(Crawled caption data)

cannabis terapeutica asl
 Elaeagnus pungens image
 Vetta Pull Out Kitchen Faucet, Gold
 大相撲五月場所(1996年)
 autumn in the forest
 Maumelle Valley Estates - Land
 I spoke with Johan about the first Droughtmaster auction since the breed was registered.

WHAT YOU NEED TO DO —
The entries shown above should be copied out word for word.

TASK RESULT —
cannabis terapeutica asl
 Elaeagnus pungens image
 Vetta Pull Out Kitchen Faucet, Gold
 大相撲五月場所(1996年)
 autumn in the forest
 Maumelle Valley Estates - Land
 I spoke with Johan about the first Droughtmaster auction since the breed was registered.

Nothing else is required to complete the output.